The set, which depicts imperial hunting scenes in the forest of Soignes near Brussels, was ordered along with other tapestries by the Habsburg Emperor Maximilian I (1459-1519) from the Tournai ateliers in Flanders.

It was possibly destined for the gallery of the Castle of Wels in Austria.

Payment to the Tournai weaver Arnould Poissonnier is recorded as taking place in 1510.

This section, which represents only 10% of the complete design, shows the emperor and members of his family and court engaged in hunting in the forest accompanied by their horses, dogs and birds of prey with the nearby castle of Bouchout depicted at the top left.

It gives a picture of the accoutrements and fashions of the nobility in the late 15th and early 16th century as well as depicting a wealth of spring flora and fauna.

It will be offered for sale by the French auction firm Aguttes in its Haute Epoque auction in Neuilly-sur-Seine on December 9 with an estimate of €800,000-1m.

Ownership tussle

The tapestry passed through various French collections, either by descent or via auction, during the 17th and 18th centuries and also has an interesting later history.

Around 1870 this and another panel were acquired by Pierre- Edmond Teisserenc de Bort (1814- 92), who was the French ambassador tin Vienna 1879-80.

In early 1942 two intermediaries acting for Marshal Goering tried to negotiate a purchase.
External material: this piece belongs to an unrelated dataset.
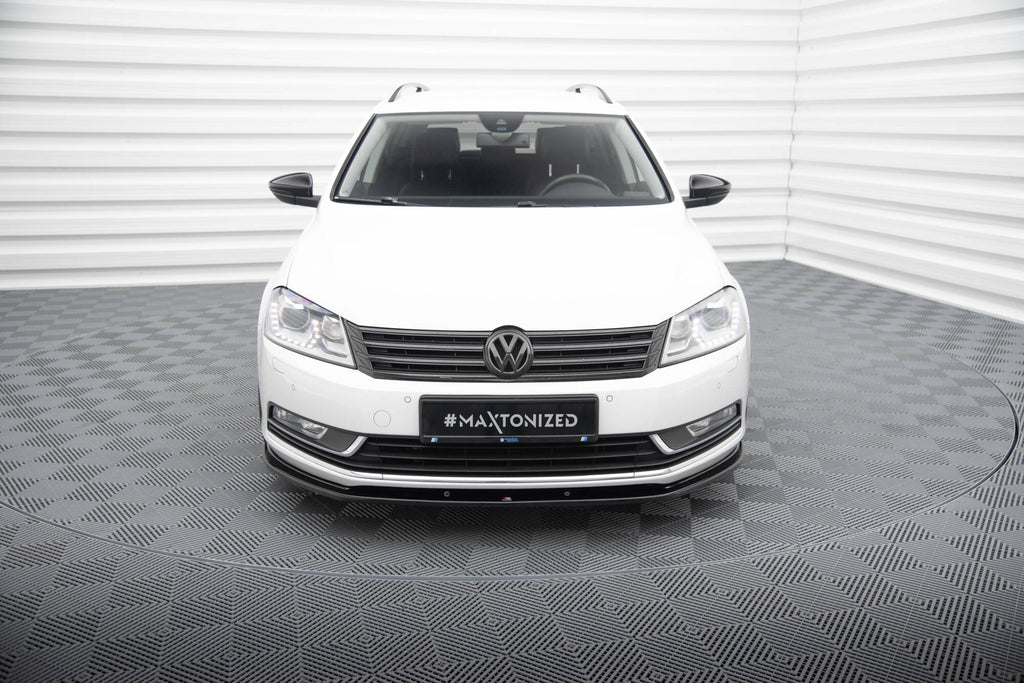 Maxton Design Street+ Spoilerlippe Front Ansatz V.2 passend für VW Passat B7 schwarz Hochglanz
The owner, who had no intention of disposing of them, sought the help of the administration of Fine Arts which accepted, in mid-June 1942, the classification of the tapestries as historic monuments, which prohibited their leaving the territory.

Under pressure, the owner ended up donating it to the French State at the end of June 1942. Very unhappy with this interference, Goering threatened the Vichy government with reprisals, which considered that it was not possible to keep the tapestries.

On the orders of President Laval, the regional prefect who kept the pieces had them handed over to Goering’s envoys at the end of July, and an order for the declassification of the tapestries was taken in mid- August 1942 to allow them to leave France.

Given back

After the war, they were found by the Monuments Men. A lengthy trial ended in 1955 with a judgment which recognised that the donation was fictitious, that there had been no sale and that The State was to ensure, at its own expense, that the tapestries be put back in place and that the damage caused by their removal repaired.

One of the tapestries, restored in Austria, was returned in 1961.

The other, the panel to be offered by Aguttes, remained in storage at the Mobilier National in Paris until it was repaired and returned to the heirs in 1967, passing down by descent.